Rideva Tommy, che non aveva più i denti.

Ridevano in tanti perché quello era un ospedale psichiatrico, l’unica struttura pubblica in cui potevi provare a disintossicarti. E infatti ridevano perché nessun tossico era in grado di riuscirci, in un posto simile.
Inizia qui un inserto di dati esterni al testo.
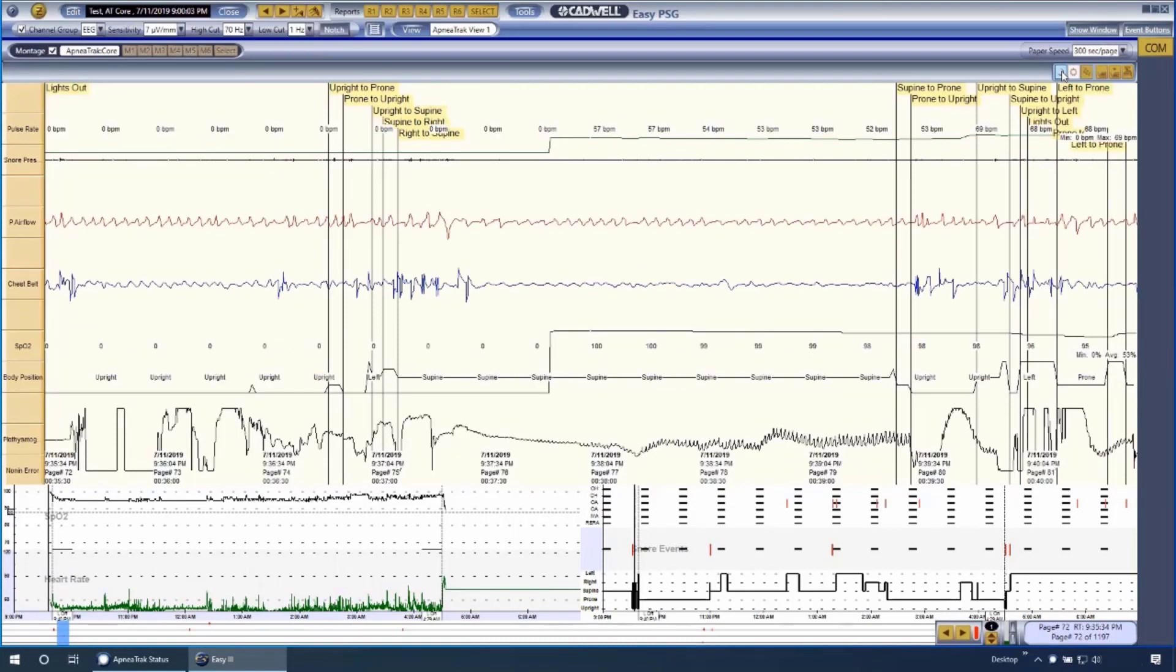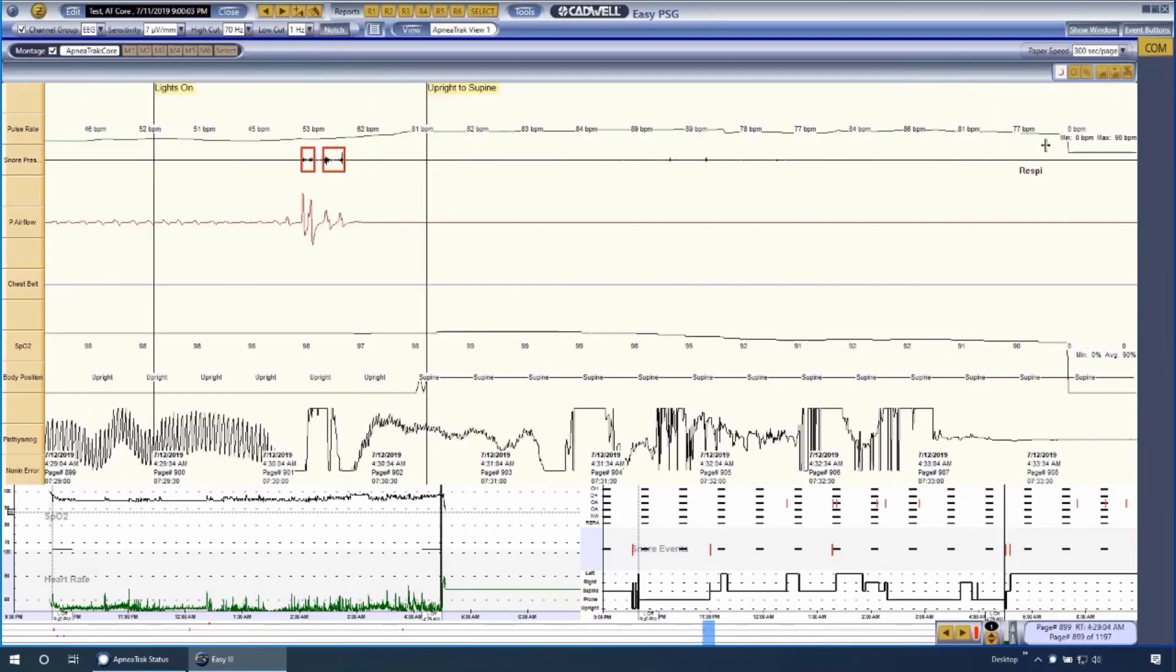All downloaded records will also be visible on the main EZ3 review window. They appear as Type 3 PSG study types.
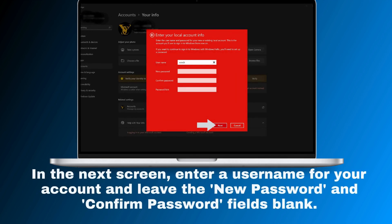In the next screen, enter a username for your account and leave the new password and confirm password fields blank.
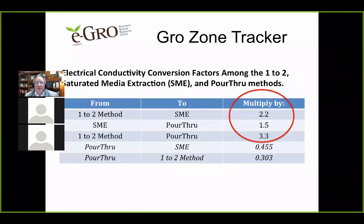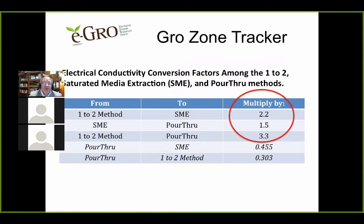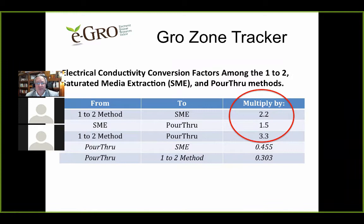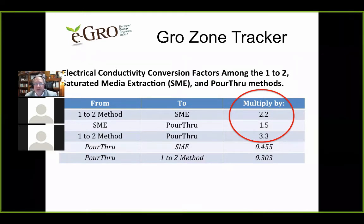If you need to convert values from the 1:2 method to pour through, here are conversion factors. We would not typically convert by multiplying by 2.2. To go from the 1:2 method to pour through, the standard conversion factor is multiplying values by 3.3. That gives you values you can then plot against pour-through standards. Unfortunately, the app doesn't yet accommodate SME or 1:2 method directly.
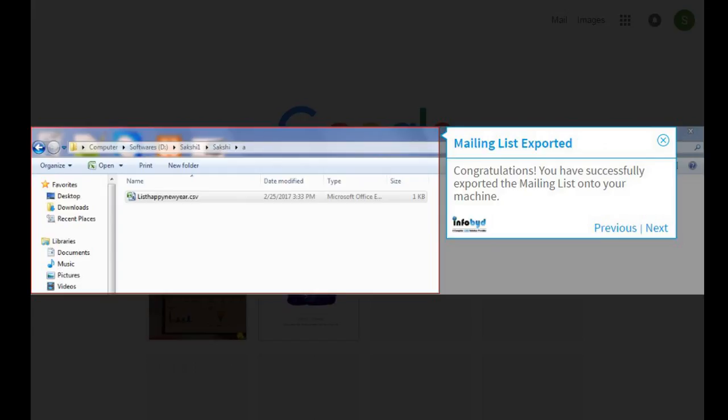Congratulations! You have successfully exported the mailing list onto your machine.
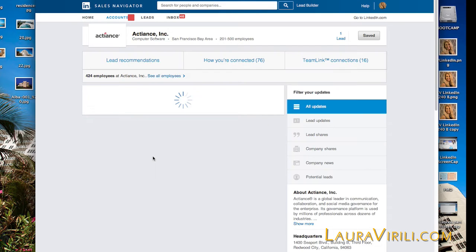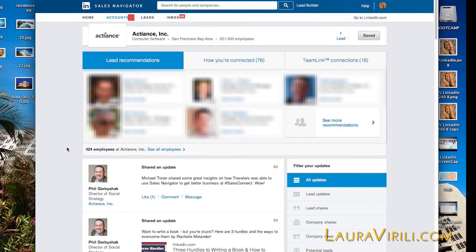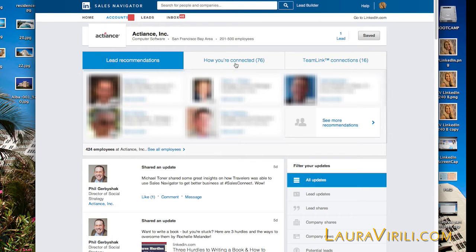Immediately, you will see lead recommendations at the top of the page. It gives me a good sense of who to look at based on the information I provided Sales Navigator during my initial setup, coupled with the types of leads I've been saving and interacting with. It's a great way to save time because these leads will more than likely be relevant based on your activity. I can also click on 'See More Recommendations' to get a full listing of recommendations, or I can use the tabs across the top to see how I'm connected — these 76 people will be displayed in list form, and they are my first and second degree connections.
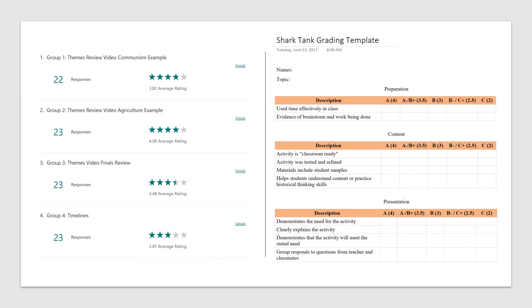They presented their projects to the class. I used Forms to have students invest in each group. I graded the presentations in real time and provided feedback to each group in OneNote.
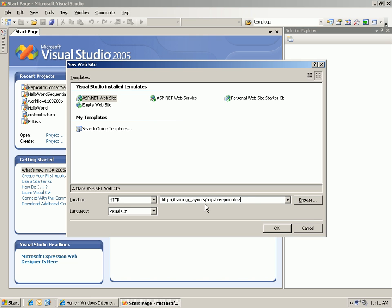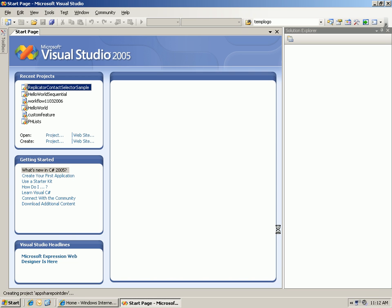Remember that underscore layouts actually maps to Program Files, Common Files, Microsoft Shared Web Server Extensions, 12 Template Layouts folder. So that's where the application files are going to be stored. And then let's click OK.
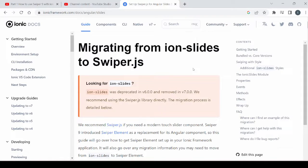Welcome to Tech Binomial. We will see how to apply the styles to the swiper element. We will continue with the same demo created in part 1 of the video. If you didn't, please watch part 1 before proceeding.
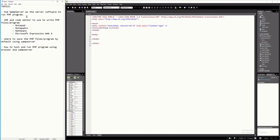The first topic is the WAMP server. We have to make sure that your computer already has the WAMP server installed. This is the server software that can run PHP programs. If you would like to create or design a PHP program, WAMP server is the software that you need to test your PHP program.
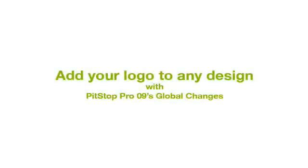The Add Graphics Global Change allows you to add a selected graphic to a page, page range, or complete document. The graphic used in the Global Change is independent from the original design and thus can be used by any open document in Acrobat.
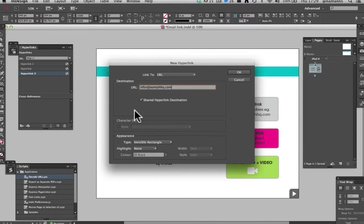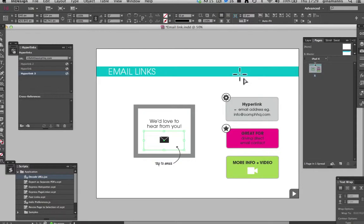Untick your hyperlink destination, press OK, and then just export your PDF.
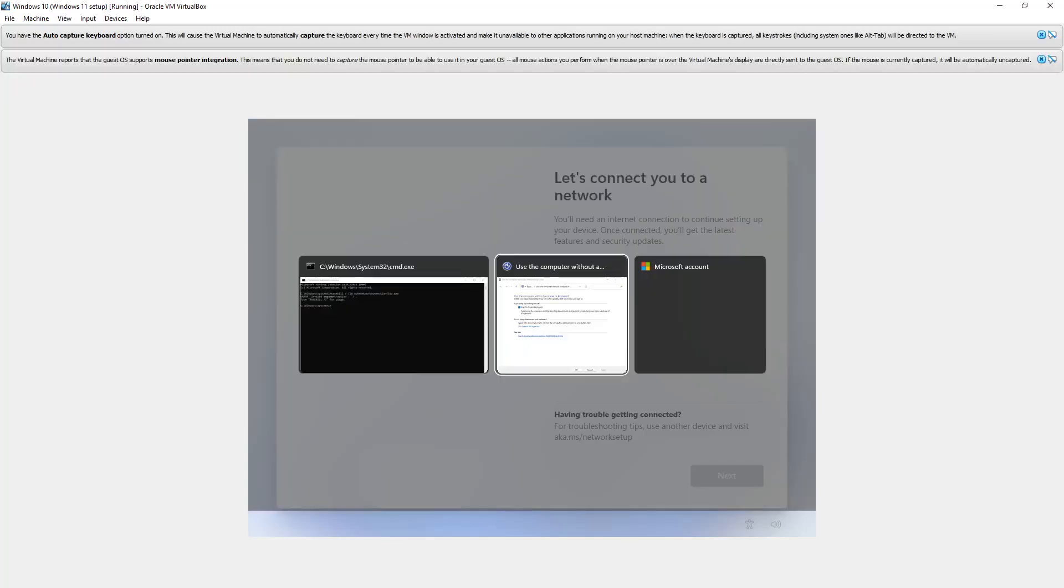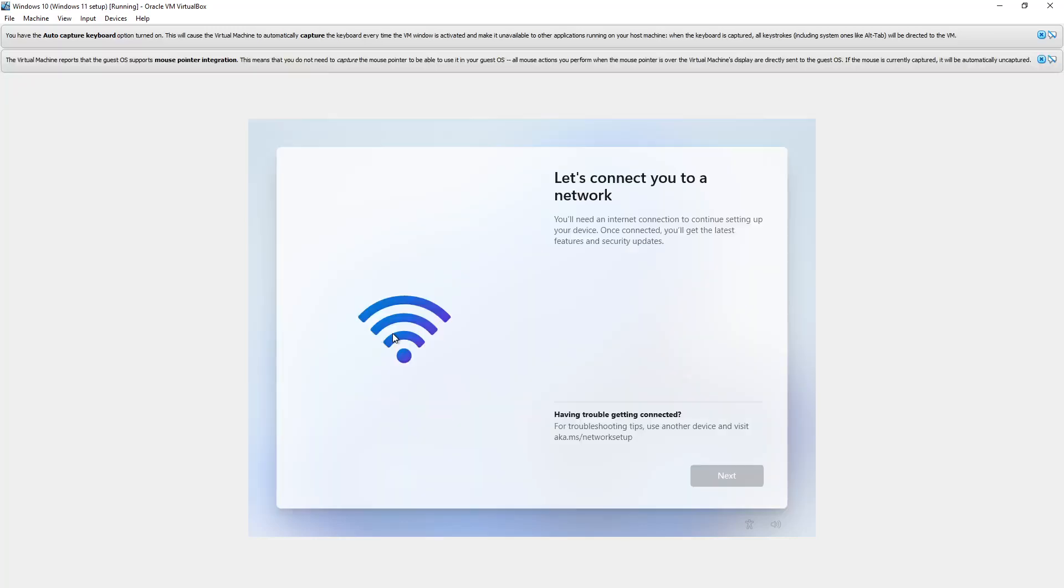Yeah, I misspelled that. Type that again. T-A-S-K, K-I-L-L space, forward slash F, space forward slash I, M space, O-O-B-E, N-E-T-W-O-R-K.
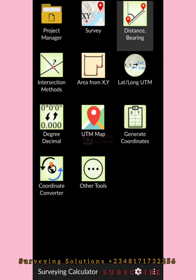Hello guys, welcome to Surveying Solutions Unbound channel, where you get solutions to all your surveying problems. It's nice having you in class again today. We are going to show you how to use your surveying calculator to carry out some tasks — in other words, just to enhance your productivity.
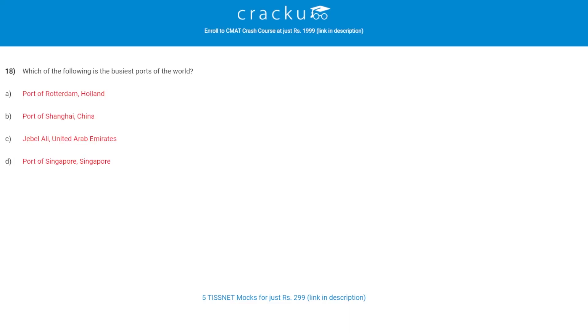Let's check the next question. Which of the following is the busiest port of the world? The correct answer is B, Port of Shanghai, China.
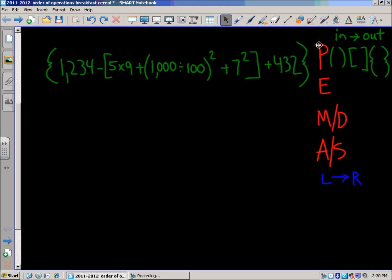Looking at this problem, right in the center we have 1,000 divided by 100 inside the innermost parentheses. We handle what's inside there first. Since there are zeros on both sides of the expression, we can eliminate those and come up with the simpler fact: 10 divided by 1, which is 10. We've dealt with what's inside the parentheses.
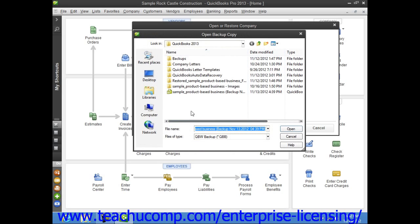QuickBooks will next open the Open Backup Copy dialog box. Use this dialog box to navigate to and then select the Local Backup Copy that you want to use for the restore process.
Tommy rideva gridando e sbavando, forse per cacciare il terrore fuori dai suoi occhi. Non rideva per me, ma lo perdonavo. Non era mai a letto, né di notte, né di giorno. Stava dieci minuti in corridoio a guardare fuori dalle finestre, poi rientrava in camera e gridava: “Tornerò a casa? Mia moglie mi starà ancora aspettando? Mia figlia mi riconoscerà?”

Io rispondevo: “Sì.”

Ma a lui non bastava: “Sì cosa?”

“Sì, tornerai a casa.”

“E poi?”

“Sì, tua moglie ti sta aspettando.”

E Tommy rideva: “E poi?”

“Sì, tua figlia ti riconoscerà.”

E allora piangeva continuando a ridere. Andava altri dieci minuti in corridoio, poi tornava e la scena ricominciava sempre uguale, sempre con le stesse battute. Sia di notte che di giorno.

Se non mi trovava in camera, iniziava a lanciarsi contro le pareti fino a svenire. Non potevo neanche andare a pisciare in santa pace. Fino a che un giorno ebbi l’idea di scrivere qualcosa su un foglio e di appenderlo al muro, sopra al mio letto. Da quel momento cambiò qualcosa per Tommy e tutto per me.

Tommy stava dieci minuti in corridoio, compariva sulla porta della camera senza gridare, leggeva il foglio, si commuoveva, tornava in corridoio e rideva guardando fuori dalla finestra, sia di giorno che di notte.

Quando vennero le infermiere a vedere come mai Tommy non gridava più e io, addirittura, avevo iniziato a dormire, notarono il foglio appeso e lessero ad alta voce: “Sì, tornerai a casa. Sì tua moglie ti sta aspettando e sì, tua figlia ti riconoscerà.” Anche loro si misero a ridere e andarono a raccontare in giro che ero un burlone. Non ebbi più tempo per pensare a morire perché tutti non volevano smette di ridere e io avevo preso a scrivere. Scherzi, barzellette, battute, poi scenette per la compagnia teatrale dei matti, poi racconti. Un medico ne mando qualcuno ad una rivista, poi a una casa editrice, e mi disse che se avessi ricominciato a farmi nessuno avrebbe riso più.

Così, con gli anni, diventai uno scrittore orizzontale, con una tazza di caffè a portata di mano e un vecchio foglio appeso sopra al divano; un foglio triste, ma che è sopravvissuto perché fa ridere, un po’ come me.